Here's my real life experience and I have heard much of the same of T Money, but it always seems to be "hear-say". I have also heard about plenty of good experiences like mine. I had a 4 x 65w PC fixture w/ moonlights on top of my 55g reef for about 3.5 years. Downsized the tank and got a small metal halide. A little over a year ago I ripped the strip light apart and used one of the two ballasts for my 29g planted canopy running 1 x 65w. I haven't had any problems and it is still working after about 5 years, taking around a year break in use. You do get what you pay for many times, but for me it has been fine.


----------



## ffemt89 (Apr 3, 2012)

aquaman555 said:


> Here's my real life experience and I have heard much of the same of T Money, but it always seems to be "hear-say". I have also heard about plenty of good experiences like mine. I had a 4 x 65w PC fixture w/ moonlights on top of my 55g reef for about 3.5 years. Downsized the tank and got a small metal halide. A little over a year ago I ripped the strip light apart and used one of the two ballasts for my 29g planted canopy running 1 x 65w. I haven't had any problems and it is still working after about 5 years, taking around a year break in use. You do get what you pay for many times, but for me it has been fine.


Thanks for the info! I bought the light last night so I'll just have to go with the flow and hopefully it works out


----------



## aquaman555 (Mar 22, 2011)

ffemt89 said:


> Thanks for the info! I bought the light last night so I'll just have to go with the flow and hopefully it works out


Disclaimer; I am not responsible for any fires caused by this unit. 

Seriously though back when I was in reef this was always a subject about this brand. All of the people who said bad things about the brand could never say "Yes, I owned this unit and ____ happened", and they never owned a unit by this brand in the first place.
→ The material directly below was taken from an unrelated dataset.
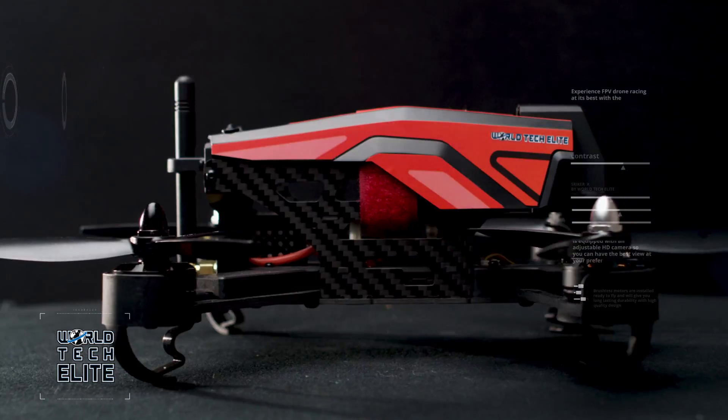Get the Rapid Racing Drone from WorldTech Elite.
May not be the best brand, but as with a lot of electronics it is all mostly a bunch of stuff imported from China.

Where did you get your unit from?


----------



## ffemt89 (Apr 3, 2012)

haha a fire in one of the FD captains houses would not look all that good for our department!! I bought it from aqua traders.
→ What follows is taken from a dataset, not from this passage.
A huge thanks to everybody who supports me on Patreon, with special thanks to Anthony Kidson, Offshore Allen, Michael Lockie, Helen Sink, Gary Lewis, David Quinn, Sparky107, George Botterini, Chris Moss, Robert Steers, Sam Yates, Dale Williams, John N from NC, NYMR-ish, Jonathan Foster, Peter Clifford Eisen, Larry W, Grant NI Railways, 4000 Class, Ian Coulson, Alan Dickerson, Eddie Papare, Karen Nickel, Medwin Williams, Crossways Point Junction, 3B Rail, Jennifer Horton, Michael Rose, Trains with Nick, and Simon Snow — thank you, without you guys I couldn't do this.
http://www.aquatraders.com/20-inch-4x18W-T5-Aquarium-Light-Fixture-p/52302p.htm


----------



## fishyjoe24 (May 18, 2010)

I owned a 65w x4 power compact from them and the only problem is one of the ballast went out, and i went to replace it and it was a wiring mess so i switched to t5 ho.

most people gave them a bad name because the bulbs wouldn't last long, or the ballast would go bad. that was years ago, they have now improved with better ballast.


----------



## ffemt89 (Apr 3, 2012)

Anyone know where to buy replacement bulbs for these lights?? The light I bought is shipping with 4 6500K bulbs but Id like to run 2 6500K and then 1 8000-10000k and maybe an actinic for some blue nm...any input or ideas on this?


----------



## fishyjoe24 (May 18, 2010)

aquatraders, marine depot, doctor fosters and smith, etc.


----------



## Tot3nkampf (May 10, 2012)

the oddysea lights that caused fires used the old magnetic ballasts. the newer fixtures with moonlights that look to be aquaticlife ripoffs have electronic ballasts albiet the cheapest you can probably buy. the ballast is junk and you will be lucky to use it long. the end connectors can be dicey too. definately buy bulbs from someone else because their quality control is terrible, i have watched them change spectrum on me as the phosphors do silly little tricks. the key is that you get what you pay for. need a temp solution or just want to experiement? with better bulbs they will be okay. if you want an investment, double your cash and buy one with a quality ballast and fittings anlong with individual polished reflectors.


----------



## aquaman555 (Mar 22, 2011)

LOL, I knew someone had to be in the club in here. I have CFs and I do agree they could use better end caps and the bulbs aren't the best, but it will get him by......probably for a good while. The guy just got in the light and your already telling him the ballast is junk and he'll be lucky if it last long. Why make try to make the guy feel bummed out on the purchase he just made? I agree you get what you pay for and these are not the most quality fixtures, but no need to bum someone out like that, they're not that bad.
Has anyone ever opened up a name brand light fixture and the ballast reads a name brand ballast company like Fullham or is it usually a generic no name ballast?
JMO


----------



## ffemt89 (Apr 3, 2012)

Thanks aquaman555!! I got the lights and while I knew they were cheap going into this, I'm a beginner and was looking for an introductory light to get me by while I got established in keeping a planted tank. The light is working WONDERFULLY so far and I couldn't be happier, I can already tell in just a few days that my plants are growing fast and I hope that its going to get even better when I start dosing PPS Pro next week. The only thing left now is to try and find a reasonably priced used CO2 unit and I'll have everything I want and a happy planed tank.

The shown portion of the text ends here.